Site icon İnternet Haberler Köşe Yazıları Yorumlar Siyaset Ekonomi Spor

AİHM’nin kararları ‘mafyayı’ coşturdu!

AİHM’nin kararları ‘mafyayı’ coşturdu!


İçişleri Bakanı Ali Yerlikaya

YORUM | ADEM YAVUZ ARSLAN

Başlık kafanızı karıştırmasın.

Söz konusu olan Erdoğan rejimi ve Türkiye ise Avrupa İnsan Hakları Mahkemesi kararları ile ‘mafya’nın gündemi kesişebiliyor. ‘Bilal’in bile anlayabileceği’ basitlikte anlatayım;

Malum olduğu üzere son on yıldır Türkiye’de mafyatik bir rejim var. Anayasa ve yasalar askıda, güvenlik ve yargı bürokrasisi Saray’a teslim.

Uzun yıllar süren operasyon sonrasında hapise atılan mafyatik örgütler de özgürlüklerine kavuşup altın çağlarını yaşıyorlar. Eli kanlı mafya örgütleri bizzat Erdoğan tarafından itibar görüyor, ülkenin İçişleri Bakanı ile ‘kanka’ oluyorlar.

Ancak burada konumuz bildiğimiz klasik mafya değil. Konumuz yargıç cübbesi, emniyet müdürü üniforması yada istihbaratçı kimliği taşıyan bürokratlar.

17 Aralık 2013 büyük yolsuzluk ve rüşvet operasyonu sonrası yaşanan değişimle suça meyilli bürokratlar göreve getirildiler. Onlar da kendilerine hayallerini bile kuramayacakları koltukları veren Erdoğan’a diyet borcunu soykırım uygulamalarına imza atarak ödediler.

Adına ‘fetö borsası’ dedikleri bu mafyatik yapılanma Saray’dan en küçük ilçedeki AKP teşkilatına kadar örgütlendi. İçinde yargı, emniyet, istihbarat, siyaset ve medya var.

‘Çökülecek’ kurumlar ve kişiler belirlenip sonra yağma ekibi arasında pay edildi. Saray’dan başlayarak en aşağıdaki partili yöneticiye kadar bu yağmada rol-pay aldı.

SİLAHLAR KONUŞTU

Türkiye’nin her yerinde var ama artık saklanamaz hale gelip cinayete de konu olduğu için İzmir merkezli ‘fetö borsası’ herkesin malumu. İçin de 15 Temmuz kumpasına giden yolda aktif rol alan savcı Okan Bato gibi isimlerin yer aldığı çete de gasp edilen malları paylaşamadıkları için çatışma çıkmıştı.
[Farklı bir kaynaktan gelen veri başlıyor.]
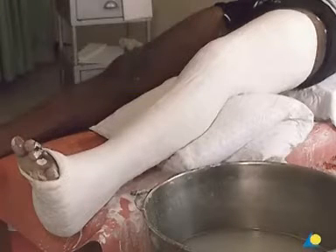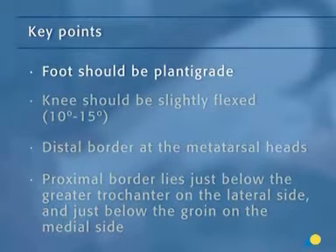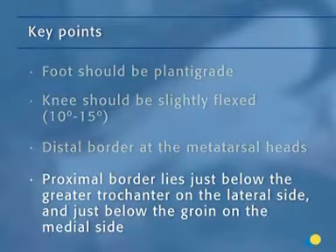The upper leg circular cast is not initially intended to be a weight-bearing cast, so the patient will need to use crutches, and a foot pad has not been used. To allow for weight-bearing, the plaster can be augmented later with a walking rubber, which will take weight when walking or standing. The foot should be plantigrade and the patient's knee should be slightly flexed, 10 to 15 degrees. The distal border of the cast is located at the metatarsal heads. The proximal border lies just below the greater trochanter on the lateral side and just below the groin on the medial side.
Bırakın medeni bir ülkeyi üçüncü sınıf Ortadoğu ülkelerinde bile yaşansa yer yerinden oynardı ama Türkiye’de herkes üç maymunu oynadı çünkü harekete geçmesi gerekenler de bu suç yapılanmasının parçası.
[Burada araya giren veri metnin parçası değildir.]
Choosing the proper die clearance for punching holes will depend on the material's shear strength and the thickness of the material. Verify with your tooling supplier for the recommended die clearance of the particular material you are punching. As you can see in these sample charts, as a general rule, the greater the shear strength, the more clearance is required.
İstanbul Anadolu Başsavcısı İsmail Uçar’ın HSK’ya gönderdiği mektupta ortaya dökülen rezaletler herkesin bildiği duyduğu skandalları somutlaştırdı. Adalet dağıtması gereken adliyelerde suç örgütü kurmuşlar.
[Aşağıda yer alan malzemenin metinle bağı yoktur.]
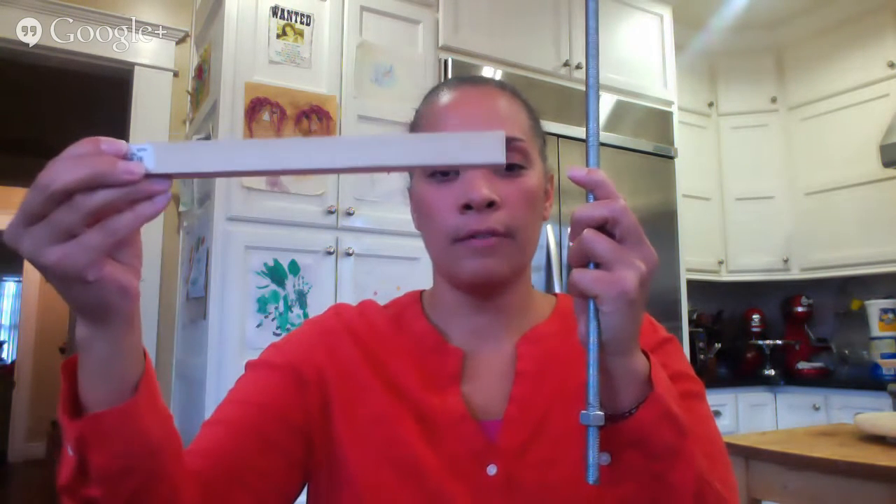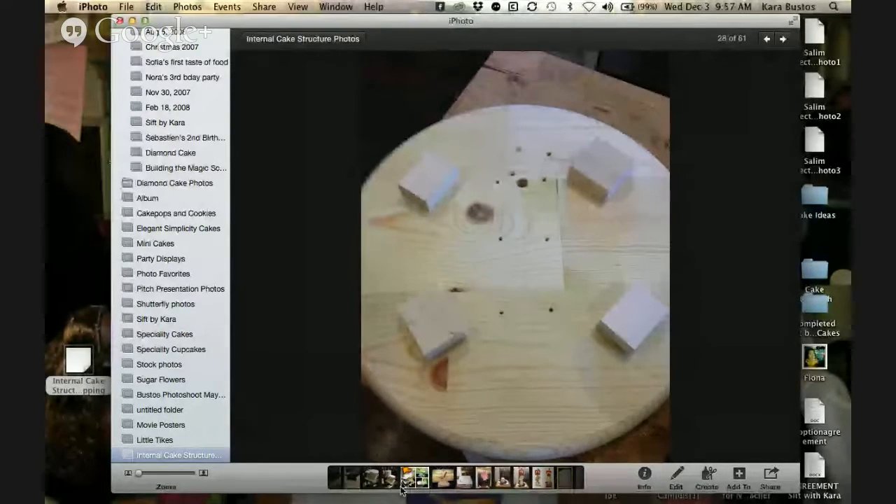Here's a threaded rod — it's threaded all the way through. I would stick this through the hole all the way through to the other side. Remember, my board is raised up because I put little square feet on it. Then I'm going to take a nut and sandwich that tight — one on the bottom of my cake structure, then the board, then one on the top. Tighten those really good and now you have a sturdy center rod. For the feet, all I did was use my glue gun and glued those on — easy.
“Böyle bir skandalda bile harekete geçemeyen muhalefet partilerinin olduğu bir ülkede herşey olur” deyip devam edelim.

BİR BİR AIHM’DEN DÖNÜYOR

Hikayenin güncel tarafı ise şöyle; Malum olduğu üzere Erdoğan rejiminin keyfi uygulamaları, hukuksuzlukları bir bir Avrupa İnsan Hakları Mahkemesi’nden dönüyor.

AIHM Büyük Daire’nin verdiği ve yüzbinlerce kişiyi doğrudan etkileyen Yalçınkaya Kararı sonrasında dün de yeni bir karar çıktı. Mahkeme, Bylock kullandığı ve Bank Asya’ya para yatırdığı için tutuklanan 45 kişinin özgürlük ve güvenlik haklarının ihlal edildiğine hükmetti.

Türkiye bu kişilere tazminat ödeyecek.

AIHM kararları bağlayıcı ve Erdoğan rejiminin kaçacak yeri yok. Gerçi bunu en iyi Erdoğan rejiminin aparatları biliyor.

Daha gözaltı kararı vermeden da bu dosyaların AİHM’den döneceğini biliyorlardı. Ancak bilerek, isteyerek bu hukuksuzluklara imza attılar. Çünkü suç işleyerek kariyer yaptılar, cepleri doldu.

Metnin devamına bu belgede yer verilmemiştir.